Hans Irvine Ebeling  (1 January 1905 – 12 January 1980) was an Australian cricketer and cricket administrator.

Family
Ebeling's father, Arthur John Claus Frederick Ebeling (1863-1910), was of German descent. His mother was Mary Grace Ebeling (1869-1948), née Mochett, Hans Irvine Ebeling was born in Avoca, Victoria on 1 January 1905.

He married Myra Aileen Conry on 5 October 1936.

Education
Ebeling was educated at Caulfield Grammar School from 1919 to 1922, where he played cricket in the school's First XI, football (in the ruck, and at centre half-forward) in its First XVIII, and as a miler in its athletic team.

He dead-heated (with J. Manning of Camberwelll Grammar) for first place in the open mile race at the combined Associated Grammar School Sports meeting on 4 November 1921. In one match, against Camberwell Grammar in June 1922, he kicked 13 goals.

The association of parents who support school cricket at Caulfield Grammar is named after him. He is the only Caulfield Grammarian to have played Test cricket.

Cricket
He captained Victoria to two Sheffield Shield championships in four years (1934 and 1938), captained the Melbourne Cricket Club (MCC) to four premierships, and played in his sole Test match against England in 1934.

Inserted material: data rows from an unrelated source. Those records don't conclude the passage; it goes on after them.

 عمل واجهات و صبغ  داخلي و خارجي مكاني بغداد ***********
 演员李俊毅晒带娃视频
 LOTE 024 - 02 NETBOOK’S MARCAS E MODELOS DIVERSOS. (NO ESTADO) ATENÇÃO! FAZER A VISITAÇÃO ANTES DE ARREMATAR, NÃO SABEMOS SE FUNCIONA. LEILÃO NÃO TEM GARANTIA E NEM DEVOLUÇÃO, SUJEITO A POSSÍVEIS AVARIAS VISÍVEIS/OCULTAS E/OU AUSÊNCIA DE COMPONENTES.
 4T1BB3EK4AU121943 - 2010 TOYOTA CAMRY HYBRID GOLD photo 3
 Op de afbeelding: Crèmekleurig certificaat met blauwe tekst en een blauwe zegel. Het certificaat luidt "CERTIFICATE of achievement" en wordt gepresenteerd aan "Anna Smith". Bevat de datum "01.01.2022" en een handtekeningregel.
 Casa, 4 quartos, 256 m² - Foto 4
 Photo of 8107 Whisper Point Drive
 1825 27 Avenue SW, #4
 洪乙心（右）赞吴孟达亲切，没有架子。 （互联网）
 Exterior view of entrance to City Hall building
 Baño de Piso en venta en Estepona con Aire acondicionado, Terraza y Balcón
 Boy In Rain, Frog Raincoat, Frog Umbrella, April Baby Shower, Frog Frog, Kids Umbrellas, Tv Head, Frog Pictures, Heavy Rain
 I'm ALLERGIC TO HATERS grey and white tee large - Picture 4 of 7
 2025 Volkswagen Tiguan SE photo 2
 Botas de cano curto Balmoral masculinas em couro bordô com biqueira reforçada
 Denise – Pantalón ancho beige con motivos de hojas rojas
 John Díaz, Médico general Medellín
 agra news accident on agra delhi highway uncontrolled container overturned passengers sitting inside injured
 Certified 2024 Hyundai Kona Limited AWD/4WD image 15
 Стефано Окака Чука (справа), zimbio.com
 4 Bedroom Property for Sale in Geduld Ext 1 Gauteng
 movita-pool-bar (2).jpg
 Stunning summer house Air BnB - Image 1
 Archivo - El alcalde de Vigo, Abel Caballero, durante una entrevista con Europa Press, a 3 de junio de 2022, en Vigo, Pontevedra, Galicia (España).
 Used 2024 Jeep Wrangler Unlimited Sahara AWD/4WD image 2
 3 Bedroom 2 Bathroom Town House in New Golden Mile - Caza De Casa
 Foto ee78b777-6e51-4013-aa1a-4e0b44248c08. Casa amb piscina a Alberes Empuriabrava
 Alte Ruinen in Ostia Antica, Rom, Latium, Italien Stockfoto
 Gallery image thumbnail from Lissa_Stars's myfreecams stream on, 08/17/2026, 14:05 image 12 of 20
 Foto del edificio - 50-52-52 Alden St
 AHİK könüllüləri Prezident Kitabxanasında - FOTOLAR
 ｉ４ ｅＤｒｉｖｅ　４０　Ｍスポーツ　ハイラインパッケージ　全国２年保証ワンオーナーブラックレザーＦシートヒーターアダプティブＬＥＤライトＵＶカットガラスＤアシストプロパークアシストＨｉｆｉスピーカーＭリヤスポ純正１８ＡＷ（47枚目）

A Squadron-Leader in World War II, he served as a member of the board of the MCC—a body which oversees not only the club's sporting teams but also the operations of the Melbourne Cricket Ground (MCG)—for 45 years and was serving his first year as MCC President when he died. During this time, he helped to organise the 1977 Centenary Test between England and Australia at the MCG.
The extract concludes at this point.